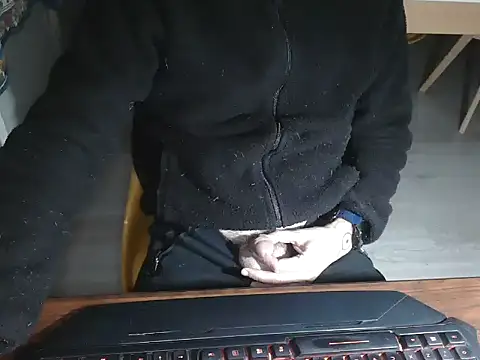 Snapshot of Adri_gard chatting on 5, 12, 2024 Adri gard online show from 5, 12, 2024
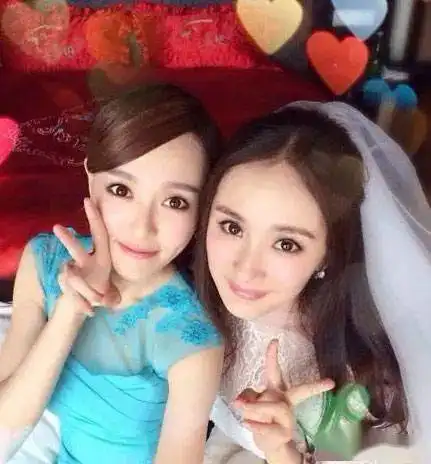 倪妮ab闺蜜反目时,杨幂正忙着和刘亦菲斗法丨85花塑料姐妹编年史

...

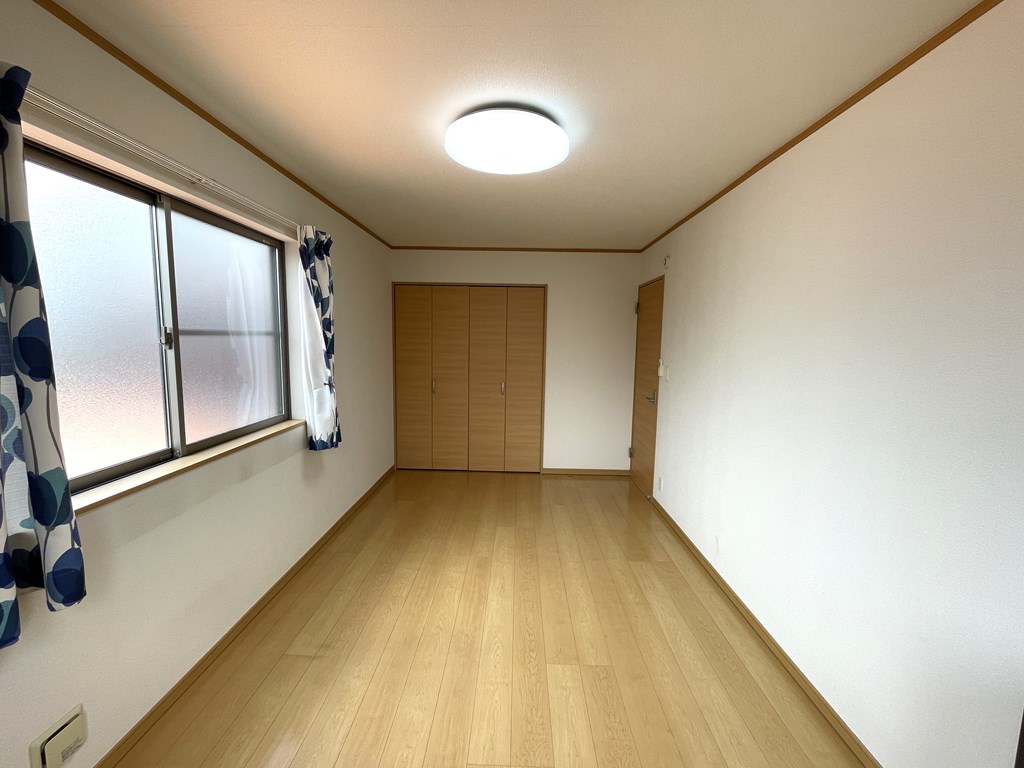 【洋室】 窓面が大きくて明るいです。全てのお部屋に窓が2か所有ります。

--

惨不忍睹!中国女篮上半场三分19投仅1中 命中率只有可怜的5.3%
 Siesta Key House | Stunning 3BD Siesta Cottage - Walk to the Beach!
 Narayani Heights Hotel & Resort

→ **GOAL OF THE EXERCISE**
When you reach the line holding "惨不忍睹!中国女篮上半场三分19投仅1中 命中率只有可怜的5.3%" in the records above, begin reproducing exactly, stop after the line holding "Narayani Heights Hotel & Resort", and output nothing else.

→ **ANSWER TO THE PROBLEM**
惨不忍睹!中国女篮上半场三分19投仅1中 命中率只有可怜的5.3%
 Siesta Key House | Stunning 3BD Siesta Cottage - Walk to the Beach!
 Narayani Heights Hotel & Resort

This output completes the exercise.